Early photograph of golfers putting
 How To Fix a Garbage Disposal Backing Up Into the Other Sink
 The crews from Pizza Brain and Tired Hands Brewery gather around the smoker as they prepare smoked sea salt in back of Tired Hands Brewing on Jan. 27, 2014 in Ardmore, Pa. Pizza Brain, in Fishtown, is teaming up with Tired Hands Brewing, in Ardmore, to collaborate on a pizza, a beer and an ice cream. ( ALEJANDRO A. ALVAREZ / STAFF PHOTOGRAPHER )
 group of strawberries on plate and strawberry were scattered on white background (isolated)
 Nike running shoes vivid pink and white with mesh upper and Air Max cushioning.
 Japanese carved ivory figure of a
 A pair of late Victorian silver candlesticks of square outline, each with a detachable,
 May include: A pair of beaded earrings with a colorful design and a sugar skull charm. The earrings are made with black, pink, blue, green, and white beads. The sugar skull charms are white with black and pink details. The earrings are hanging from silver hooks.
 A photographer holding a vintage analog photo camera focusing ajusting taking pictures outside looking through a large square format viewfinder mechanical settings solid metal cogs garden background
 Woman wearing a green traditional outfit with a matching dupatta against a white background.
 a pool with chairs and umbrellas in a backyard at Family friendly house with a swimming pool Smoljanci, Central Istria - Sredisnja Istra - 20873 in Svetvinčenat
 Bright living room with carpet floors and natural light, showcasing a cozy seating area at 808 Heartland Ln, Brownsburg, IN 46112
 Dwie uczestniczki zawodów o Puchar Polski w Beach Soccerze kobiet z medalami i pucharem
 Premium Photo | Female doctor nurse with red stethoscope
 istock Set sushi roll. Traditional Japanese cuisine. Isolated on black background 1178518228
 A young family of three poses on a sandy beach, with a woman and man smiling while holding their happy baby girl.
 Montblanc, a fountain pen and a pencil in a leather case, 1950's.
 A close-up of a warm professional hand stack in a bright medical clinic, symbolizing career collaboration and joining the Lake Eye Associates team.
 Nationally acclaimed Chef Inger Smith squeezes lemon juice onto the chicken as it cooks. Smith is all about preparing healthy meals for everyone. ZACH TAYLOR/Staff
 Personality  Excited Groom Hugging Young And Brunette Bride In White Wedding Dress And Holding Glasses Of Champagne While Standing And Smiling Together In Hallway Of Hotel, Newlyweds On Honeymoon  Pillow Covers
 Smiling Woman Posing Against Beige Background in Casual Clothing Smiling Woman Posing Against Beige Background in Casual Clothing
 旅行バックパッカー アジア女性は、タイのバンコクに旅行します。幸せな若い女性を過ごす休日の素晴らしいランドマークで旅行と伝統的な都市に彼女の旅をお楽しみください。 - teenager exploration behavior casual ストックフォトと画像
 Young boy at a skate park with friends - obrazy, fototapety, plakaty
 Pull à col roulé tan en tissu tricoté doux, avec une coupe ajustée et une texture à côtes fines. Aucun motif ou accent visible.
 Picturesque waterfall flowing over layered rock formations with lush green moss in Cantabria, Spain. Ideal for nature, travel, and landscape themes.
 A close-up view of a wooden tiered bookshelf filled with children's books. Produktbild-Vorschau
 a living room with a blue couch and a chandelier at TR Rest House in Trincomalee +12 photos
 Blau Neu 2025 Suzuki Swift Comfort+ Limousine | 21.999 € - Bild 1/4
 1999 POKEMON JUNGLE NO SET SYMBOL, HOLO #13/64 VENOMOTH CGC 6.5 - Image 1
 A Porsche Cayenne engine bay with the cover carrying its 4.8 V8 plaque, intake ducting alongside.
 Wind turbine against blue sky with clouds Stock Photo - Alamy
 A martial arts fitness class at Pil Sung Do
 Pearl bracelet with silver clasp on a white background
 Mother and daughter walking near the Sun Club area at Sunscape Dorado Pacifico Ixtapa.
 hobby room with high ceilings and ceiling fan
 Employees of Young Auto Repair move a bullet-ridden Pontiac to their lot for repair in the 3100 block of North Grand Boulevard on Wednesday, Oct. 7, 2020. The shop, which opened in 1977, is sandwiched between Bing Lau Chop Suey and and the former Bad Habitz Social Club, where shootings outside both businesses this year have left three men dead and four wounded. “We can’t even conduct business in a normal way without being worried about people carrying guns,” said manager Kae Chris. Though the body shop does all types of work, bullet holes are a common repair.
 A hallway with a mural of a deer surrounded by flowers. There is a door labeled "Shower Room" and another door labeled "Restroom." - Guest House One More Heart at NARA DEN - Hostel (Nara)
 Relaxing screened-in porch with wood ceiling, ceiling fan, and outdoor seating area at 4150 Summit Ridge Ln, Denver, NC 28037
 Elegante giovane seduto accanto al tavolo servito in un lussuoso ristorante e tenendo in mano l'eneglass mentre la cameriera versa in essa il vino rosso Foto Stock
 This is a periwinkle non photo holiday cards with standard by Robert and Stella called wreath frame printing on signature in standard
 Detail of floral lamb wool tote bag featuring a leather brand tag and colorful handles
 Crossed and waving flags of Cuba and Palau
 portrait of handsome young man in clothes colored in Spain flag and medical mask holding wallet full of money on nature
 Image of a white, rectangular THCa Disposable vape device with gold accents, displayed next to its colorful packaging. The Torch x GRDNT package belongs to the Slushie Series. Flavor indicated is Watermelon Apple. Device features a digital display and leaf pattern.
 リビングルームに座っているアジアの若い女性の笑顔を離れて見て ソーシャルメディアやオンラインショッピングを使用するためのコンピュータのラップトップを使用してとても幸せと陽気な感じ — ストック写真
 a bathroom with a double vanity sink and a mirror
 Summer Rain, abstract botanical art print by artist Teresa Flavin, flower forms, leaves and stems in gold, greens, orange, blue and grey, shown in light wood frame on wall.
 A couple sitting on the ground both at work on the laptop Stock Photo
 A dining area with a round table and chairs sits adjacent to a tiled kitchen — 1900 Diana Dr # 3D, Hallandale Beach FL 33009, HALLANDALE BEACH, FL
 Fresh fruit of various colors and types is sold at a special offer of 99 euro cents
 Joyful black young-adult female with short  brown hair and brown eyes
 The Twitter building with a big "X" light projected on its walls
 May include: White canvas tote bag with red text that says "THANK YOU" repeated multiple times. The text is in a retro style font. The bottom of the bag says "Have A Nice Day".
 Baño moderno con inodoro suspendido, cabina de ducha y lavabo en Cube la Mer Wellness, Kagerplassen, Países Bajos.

__Aim of the task__: Scan the material above for "ceiling". Copy every line where it appears.

__Problem solution__:
 hobby room with high ceilings and ceiling fan
 Relaxing screened-in porch with wood ceiling, ceiling fan, and outdoor seating area at 4150 Summit Ridge Ln, Denver, NC 28037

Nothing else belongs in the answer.